◆ **DATA PROVIDED**
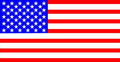 The american flag is red , white and blue with white stars.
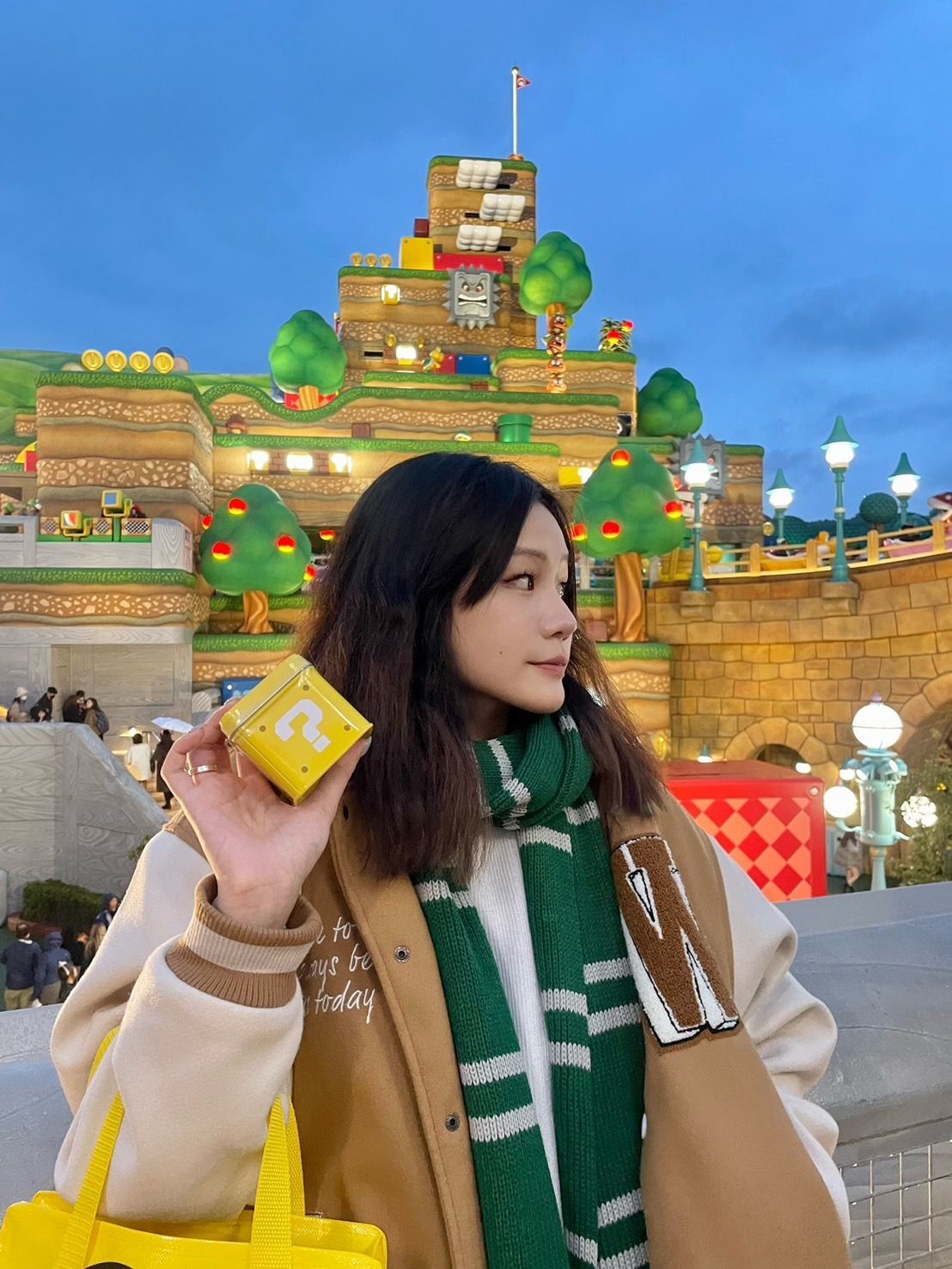 一位穿著棕色夾克和綠色圍巾的女性,手裡拿著一個印有問號的黃色盒子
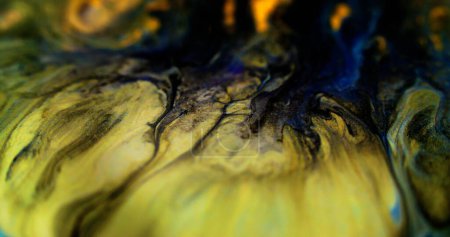 Derrame de tinta. Textura líquida brillo. Desenfocado negro azul amarillo color metálico brillante polvo dorado partículas pintura goteo emulsión fuga abstracto arte fondo.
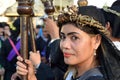 Unidentified Women penitents in garb and crown of bitter herbs carrying angel figurine scepter standing on the churchyard on Lente Royalty Free Stock Photo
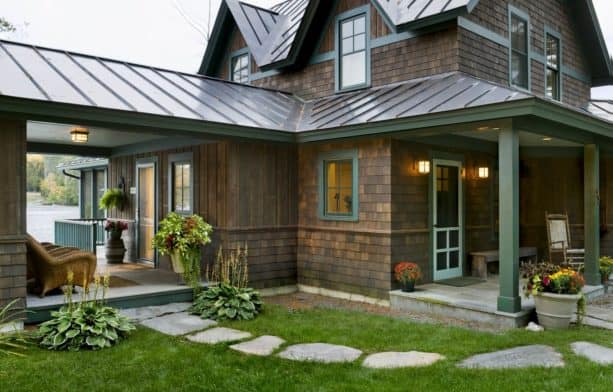 a rustic dark wood house with brown roof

◆ **AIM OF THE TASK**
Starting with the line that contains "Derrame de tinta.", repeat each line exactly until the listing ends, including the last one. Leave pictures out.

◆ **COMPLETED EXERCISE**
 Derrame de tinta. Textura líquida brillo. Desenfocado negro azul amarillo color metálico brillante polvo dorado partículas pintura goteo emulsión fuga abstracto arte fondo.
 Unidentified Women penitents in garb and crown of bitter herbs carrying angel figurine scepter standing on the churchyard on Lente Royalty Free Stock Photo
 a rustic dark wood house with brown roof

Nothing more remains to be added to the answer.